Lynette Clark doesn't buy the official version of Vogler's death. She calls his murder an "assassination."
"He was executed," she says. And other past and present AIP leaders agree with her. Jack Coghill, who served as Governor Hickel's lieutenant governor, declared that Vogler's murder was "the cleanest takeout" job he had seen.
"I will never believe that Fred West put a bullet in the back of Joe's head all by himself," Clark says. "Fred is a liar, cheat and thief. But he wasn't smart enough to pull it off alone."
Who does Clark believe was behind Vogler's elimination?
"I can only speculate. And I don't want to speculate because I don't want to catch a bullet the same way."
Clark asserts that the timing of Vogler's murder was suspicious, on the eve of his appearance before the United Nations. "The United States government would have been deeply embarrassed. And we can't have that, can we?" she says with a wry laugh.
Clark also points out that an independence movement that aims to wrest control of Alaska's enormous natural resources is bound to threaten powerful corporate interests. "Alaska is an incredibly resource-heavy republic. There are lots of pressures on us."
After Vogler's murder, Clark feared that she could become the next target. She claims that convicted murderer West had a list, with her name under Vogler's. "I left the party for 12 years after Joe's death. But after wrestling with my cowardice, I finally returned to the party in 2006 and became chairman."
Now, says Clark, she carries a loaded gun for self-protection. "A Colt .45, full clip. I call it my little pony."
Despite her affection for Sarah Palin, Clark says she won't be voting for the Republican ticket in November. "She's aligned herself with a man who has campaigned aggressively against allowing Alaska to develop our own resources."
Clark charges that Alaska's vast treasures have been plundered by Washington and its corporate allies. "My mother used to say we should have been kissed first before they did the rest to us."
If Palin is elected, "I can only hope that she doesn't get chewed up and spit out in Washington. The powers that be know how to beat up a gal."
Last October, at a gathering of various anti-U.S. groups in Chattanooga, Tenn., called the Secessionist Convention, Clark's husband, Dexter, expressed hope that Palin's political rise was a positive sign for their independence movement. "Our current governor, who I mentioned at the last conference, the one we were hoping would get elected, Sarah Palin, did get elected," Dexter, a homespun-looking man in jeans and suspenders and a ZZ Top beard, told the assembly of secessionists. "There's a joke -- she's a pretty good-lookin' gal -- there's a joke around, that we're the coldest state with the hottest governor. And there's a lot of talk about her moving up. She was an AIP member, before she got the job as the mayor of a small town. That was a nonpartisan job. But to get along to go along, she eventually joined the Republican Party, where she had all kinds of problems with their ethics ... And she's pretty well sympathetic, because of her former membership."

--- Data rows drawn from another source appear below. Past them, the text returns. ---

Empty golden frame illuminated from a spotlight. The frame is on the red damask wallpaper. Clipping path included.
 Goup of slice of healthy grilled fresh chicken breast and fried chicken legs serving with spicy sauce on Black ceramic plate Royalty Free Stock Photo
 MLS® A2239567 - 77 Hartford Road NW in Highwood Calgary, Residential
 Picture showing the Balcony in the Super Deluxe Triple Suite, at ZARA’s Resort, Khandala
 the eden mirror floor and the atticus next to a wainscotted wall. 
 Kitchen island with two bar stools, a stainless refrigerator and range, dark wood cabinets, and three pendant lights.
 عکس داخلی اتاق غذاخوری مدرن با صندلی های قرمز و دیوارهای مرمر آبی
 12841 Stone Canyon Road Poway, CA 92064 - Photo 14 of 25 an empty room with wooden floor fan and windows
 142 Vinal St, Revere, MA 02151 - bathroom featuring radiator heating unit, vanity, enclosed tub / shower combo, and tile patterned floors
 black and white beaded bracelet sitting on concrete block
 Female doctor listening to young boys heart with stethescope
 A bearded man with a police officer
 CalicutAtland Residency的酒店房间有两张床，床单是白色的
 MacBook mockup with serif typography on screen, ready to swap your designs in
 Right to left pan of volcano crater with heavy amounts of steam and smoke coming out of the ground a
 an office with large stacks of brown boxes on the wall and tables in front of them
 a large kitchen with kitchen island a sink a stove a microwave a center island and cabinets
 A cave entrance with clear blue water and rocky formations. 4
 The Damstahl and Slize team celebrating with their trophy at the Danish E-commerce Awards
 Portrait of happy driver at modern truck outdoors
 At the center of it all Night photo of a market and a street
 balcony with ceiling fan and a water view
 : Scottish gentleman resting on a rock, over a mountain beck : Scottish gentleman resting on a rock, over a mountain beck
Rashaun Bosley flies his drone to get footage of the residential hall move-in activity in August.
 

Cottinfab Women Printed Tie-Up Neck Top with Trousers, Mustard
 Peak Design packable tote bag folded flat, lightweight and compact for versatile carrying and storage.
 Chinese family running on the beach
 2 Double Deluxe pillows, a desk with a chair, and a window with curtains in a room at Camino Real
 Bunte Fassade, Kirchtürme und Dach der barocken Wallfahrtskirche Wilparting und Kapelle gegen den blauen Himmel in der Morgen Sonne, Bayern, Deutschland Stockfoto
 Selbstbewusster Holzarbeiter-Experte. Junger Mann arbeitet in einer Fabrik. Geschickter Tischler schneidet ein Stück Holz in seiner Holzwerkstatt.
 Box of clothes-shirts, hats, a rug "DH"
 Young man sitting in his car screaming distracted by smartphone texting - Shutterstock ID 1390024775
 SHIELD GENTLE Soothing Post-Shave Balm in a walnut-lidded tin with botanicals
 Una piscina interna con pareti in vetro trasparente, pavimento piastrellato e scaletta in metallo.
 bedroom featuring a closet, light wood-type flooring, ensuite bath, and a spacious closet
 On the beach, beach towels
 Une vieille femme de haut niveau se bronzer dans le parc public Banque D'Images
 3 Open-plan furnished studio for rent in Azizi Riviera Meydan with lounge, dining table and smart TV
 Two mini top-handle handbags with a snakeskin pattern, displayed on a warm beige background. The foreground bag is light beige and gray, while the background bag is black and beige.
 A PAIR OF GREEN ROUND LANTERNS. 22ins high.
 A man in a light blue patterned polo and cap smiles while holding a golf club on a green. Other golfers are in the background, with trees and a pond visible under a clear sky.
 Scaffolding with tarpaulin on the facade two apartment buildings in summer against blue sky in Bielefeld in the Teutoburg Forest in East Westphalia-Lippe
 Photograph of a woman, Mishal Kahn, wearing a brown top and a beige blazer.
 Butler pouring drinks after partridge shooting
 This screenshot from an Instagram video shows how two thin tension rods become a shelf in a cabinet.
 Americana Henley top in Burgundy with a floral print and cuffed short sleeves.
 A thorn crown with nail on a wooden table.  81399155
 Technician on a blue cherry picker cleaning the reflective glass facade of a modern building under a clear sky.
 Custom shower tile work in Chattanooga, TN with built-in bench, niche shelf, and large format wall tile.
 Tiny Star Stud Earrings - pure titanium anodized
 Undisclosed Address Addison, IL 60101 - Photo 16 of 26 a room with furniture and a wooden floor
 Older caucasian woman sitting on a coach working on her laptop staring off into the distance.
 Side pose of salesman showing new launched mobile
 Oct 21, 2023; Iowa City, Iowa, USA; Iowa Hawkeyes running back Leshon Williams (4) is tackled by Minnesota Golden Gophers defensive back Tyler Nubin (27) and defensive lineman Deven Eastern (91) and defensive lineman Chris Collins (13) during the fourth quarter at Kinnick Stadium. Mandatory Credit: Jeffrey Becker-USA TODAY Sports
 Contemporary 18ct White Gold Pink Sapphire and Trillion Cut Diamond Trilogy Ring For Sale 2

Dexter Clark added that secessionists should "infiltrate" the two major parties when they could advance their cause this way.
But Lynette Clark makes it clear that she does not believe in working within the American political system. Clark, who served in the Air Force during the Vietnam War, says she once believed in America. But no longer.
"My God, our country's been completely whored out to the highest bidders." We no longer live in a democracy, she says. "We have a partnership between a powerful state and powerful corporate interests. By any other name that's fascism. It certainly isn't a democracy. Mussolini must have a grin as wide as the Yukon River, looking at what the United States has become."